A Rival Embrace.

Sir Murray Gernon was right in his surmise, for when McCray, eager to secure the person of his supposed rival, hurried across the drawing-room, and in the darkness made a bound to where he had seen the lighted match fade out, his enemy had made a slight movement, so that he failed to obtain a good hold; and in the brief struggle which ensued close to the fireplace, McCray was thrown heavily upon the floor, and his adversary dashed through the drawing-room out into the hall, striking down Sir Murray in his effort to reach the library. But McCray was after him directly, and had no hesitation in leaving his master where he, too, had knocked him down; while, following the burglars example, he leaped, in his excitement, right through the broken window.

“Oh, my best pelargoniums!” groaned the gardener, as he picked himself up, after coming down crash into a flower-bed beneath the window. “Ye shall pay for this, though, Maister Gurdon, or my name’s not Sandy McCray!” And then, favoured by a break in the clouds, he caught sight of Gurdon running rapidly towards the bridge.
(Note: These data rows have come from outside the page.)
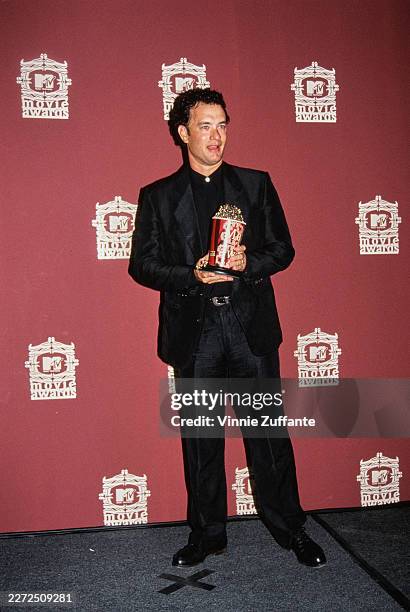 American actor Tom Hanks, wearing a black blazer over a black shirt with black trousers, in the 3rd Annual MTV Movie Awards press room, at Sony...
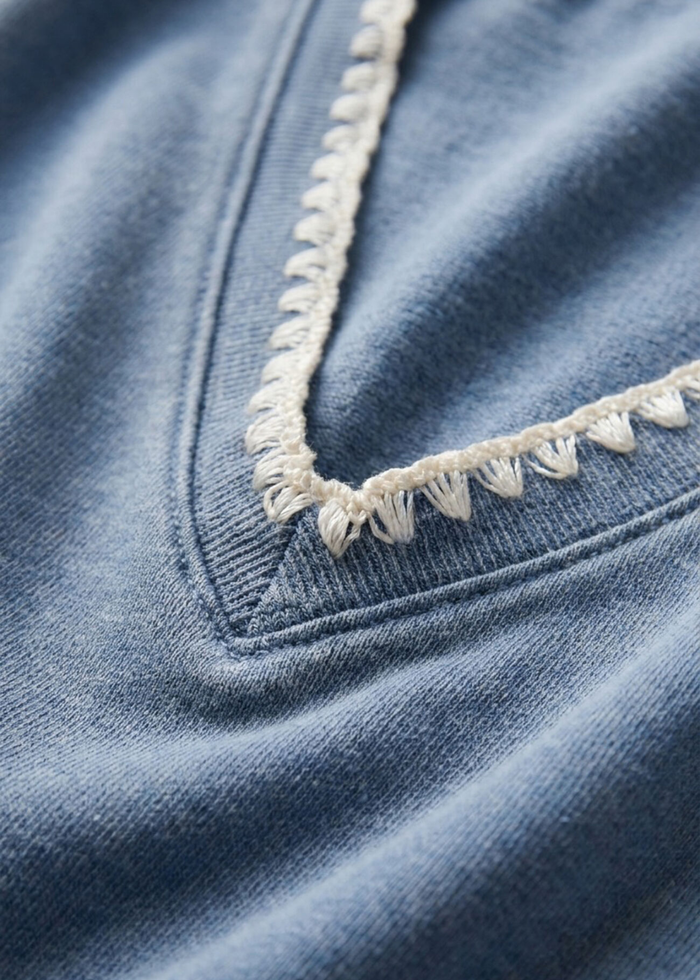 Close up of a blue knit denim sweatshirt with whipstitch trim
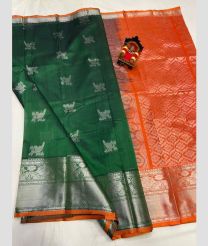 green and silver colour kuppadam pattu sarees with All over design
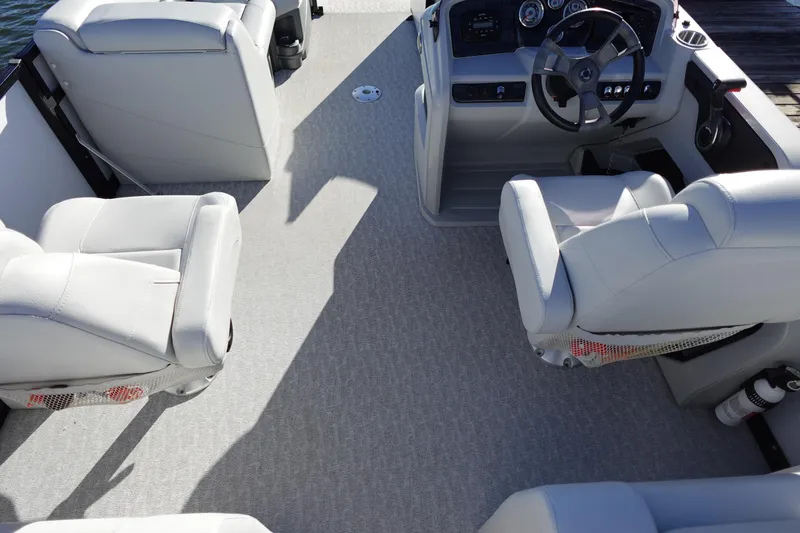 Slide: The Image of 2020 Tahoe Pontoon 2485 LTZ Rear Lounger interior with plush seating and modern dashboard. - 7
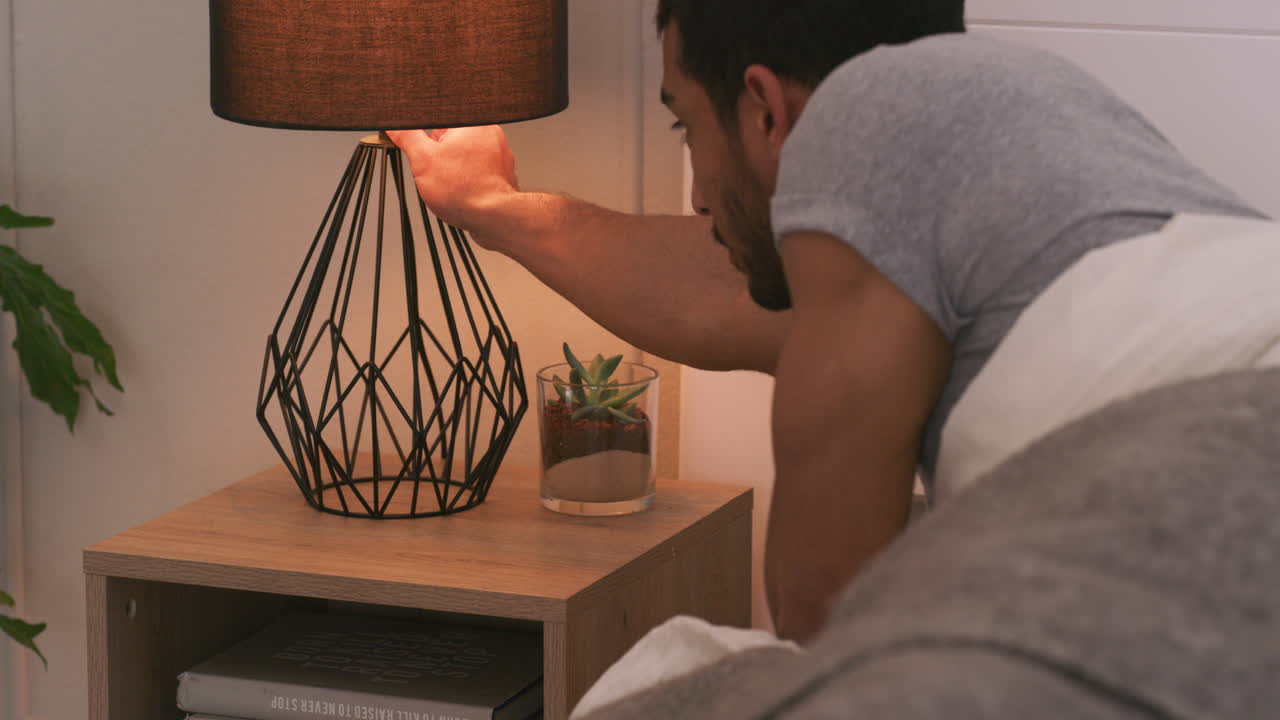 Man sleeping in bedroom next to lamp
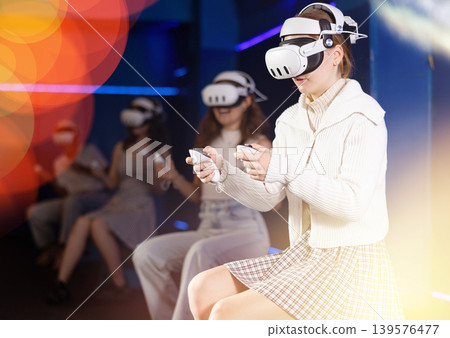Excited young girl playing virtual reality game Excited young girl playing virtual reality game 139576477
“Ye’ll not get there first, laddie,” muttered the Scot, as, exerting all his powers, he dashed over the lawn, to cut off his quarry’s retreat in that direction; and being the lustier man of the two, he soon had the satisfaction of seeing his foe double, and run along the brink of the lake, as if to get round the house; for it was growing each moment lighter, the wind springing up, and sweeping the heavy curtain of clouds from the face of the heavens.

“If ye think I canna rin ye doon, Jock Gurdon,” muttered McCray, “ye’re making a meestake. I’ll have ye, if I rin for a week!”
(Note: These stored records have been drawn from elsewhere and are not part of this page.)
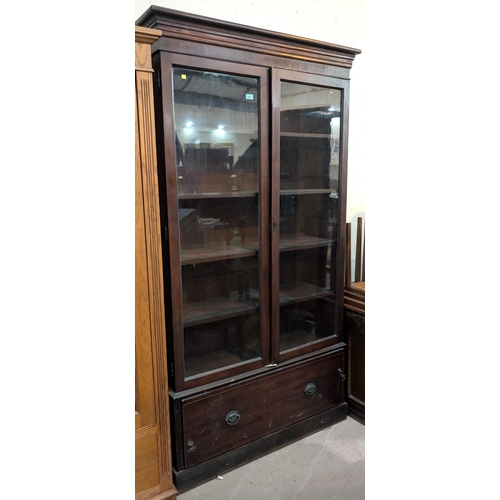 1017 - A late 19th/early 20th century mahogany full height display cabinet enclosed by 2 glazed doors with ... 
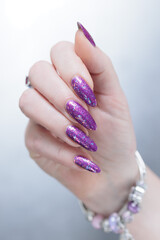 Female hand with long nails and purple plum manicure
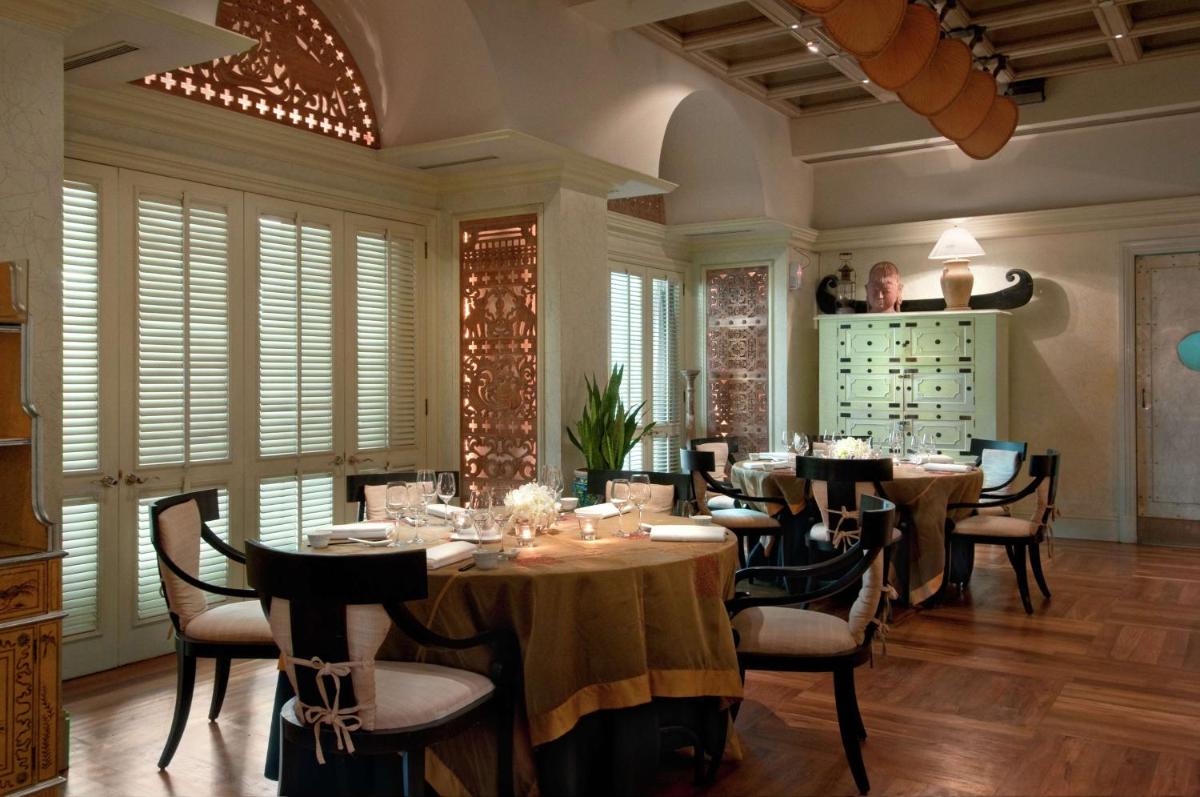 a dining room with tables and chairs and windows at Hilton Mumbai International Airport Hotel in Mumbai
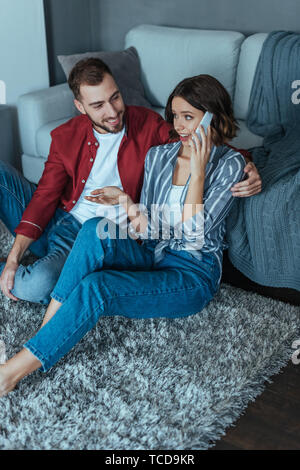 overhead view of handsome man looking at woman gesturing while talking on smartphone Stock Photo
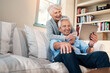 © Chanelle2000/peopleimages.com - Old couple, tablet and growth on banking app with smile or investment profit results in home. Happy woman, senior man and elderly people reading retirement savings, insurance policy or news update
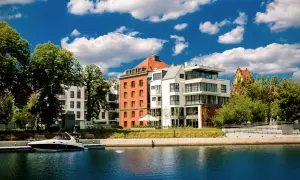 Nowoczesne budynki nad wodą, przypominające hotel Almond, z łodzią przy nabrzeżu i błękitnym niebem.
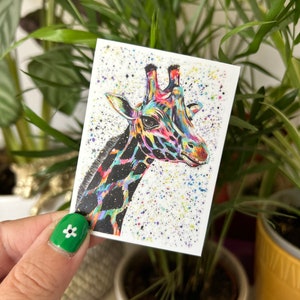 May include: A colourful giraffe sticker with a vibrant, rainbow-hued head and neck, set against a white background speckled with paint. The giraffe's body features a black and white pattern. The sticker is held in front of a green plant.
He pressed on, gaining so fast upon the burglar, that he once more doubled, and dodging round a thick plantation of shrubs, McCray was, for a minute, thrown off the scent; but his shrewd Scottish nature stood him in good stead.
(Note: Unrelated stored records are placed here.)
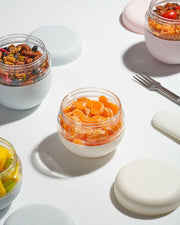 W&P Glass Seal Tight Bowl, 16 oz, features a leak-proof screw-top lid and silicone sleeve, ideal for eco-friendly food storage and transport.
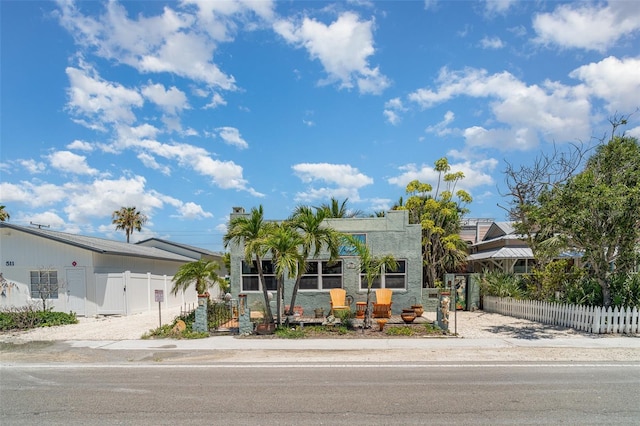 509 Pine Ave Unit A, Anna Maria, FL 34216 - view of front of home featuring a fenced front yard and a gate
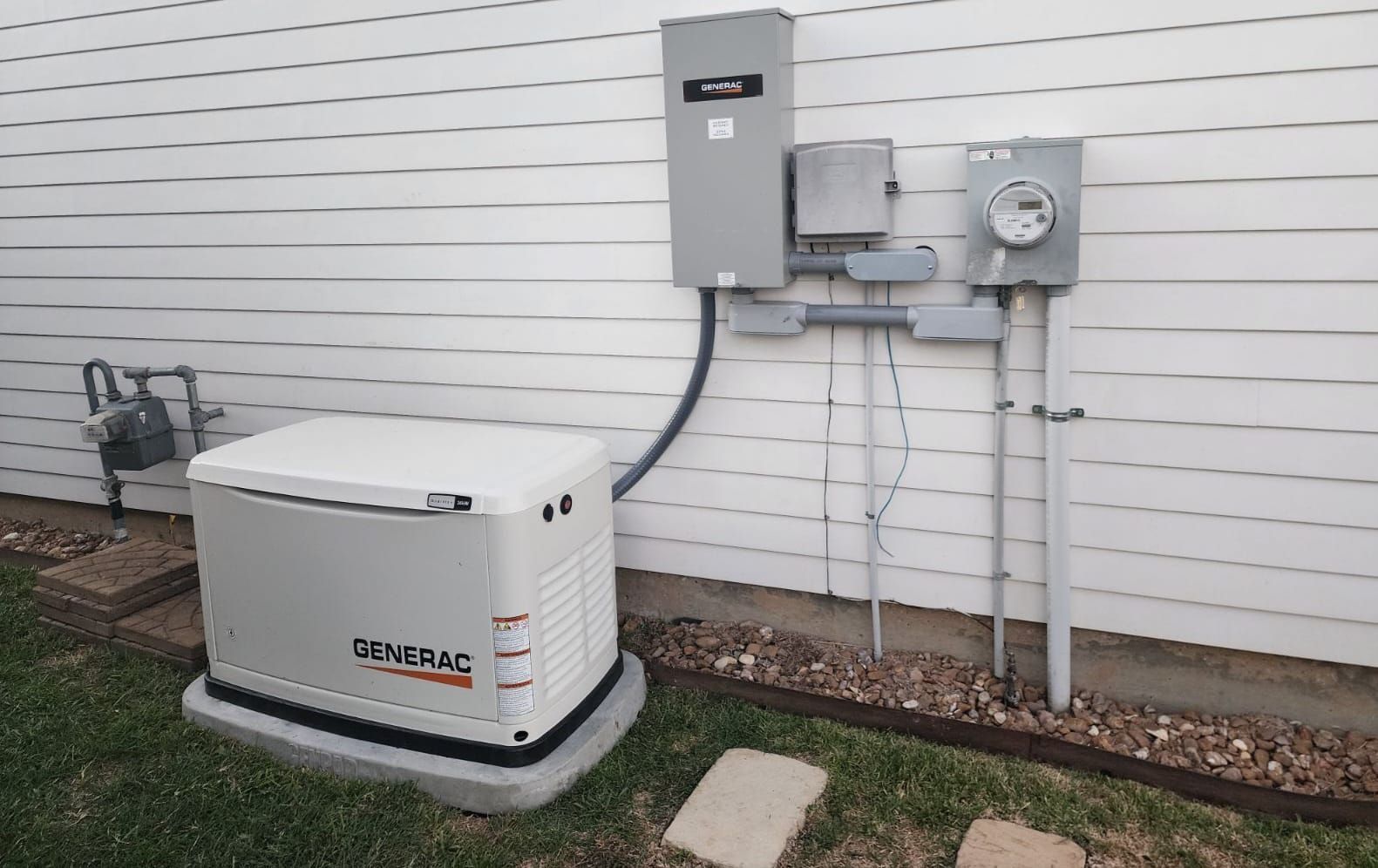 Outdoor generator beside a house wall, connected to gray electrical boxes and conduit.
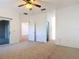 Carpeted main bedroom with ceiling fan, sliding glass doors to the outside and access to the bathroom at 124 Meridian Ave, Kissimmee, FL 34759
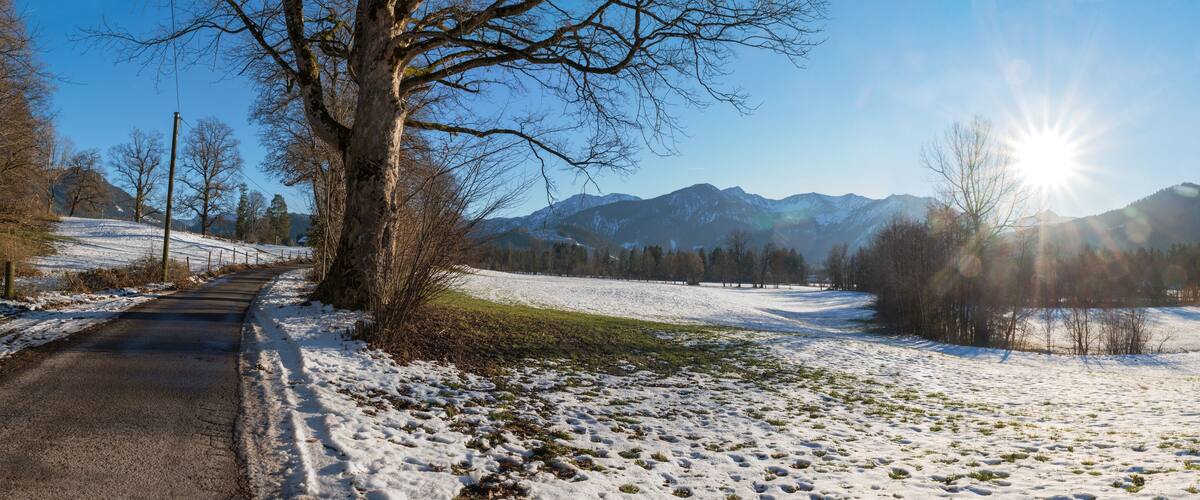 A snow-covered landscape with a road, trees, and mountains in the background.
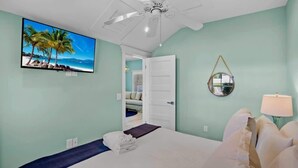Une chambre à coucher comprenant un lit, un téléviseur, un ventilateur de plafond, un miroir rond et une porte donnant sur une autre pièce.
“He’ll make again for the bridge,” he thought; and with a grim smile of determination upon his face, he ran in that direction; but, to his great disappointment, he seemed to be at fault, for there was no sign anywhere of the fugitive. But, for all that, Sandy’s idea was correct, as he found, after harking backwards and forwards two or three times. Gurdon—for it was indeed he who had, with his companions, attempted the burglary—had been making his way for the bridge, when his ear, sharpened by fright, told him that his enemy was coming in the same direction, and he directly crouched amidst a bed of laurels, to wait, panting, for an opportunity to escape. He knew that transportation must be his fate if taken; and that if, in revenge, he said anything respecting the character of Lady Gernon, it would merely be taken as the calumny of a discharged servant. No, he thought, he must not be taken—he could not afford yet to give up his liberty.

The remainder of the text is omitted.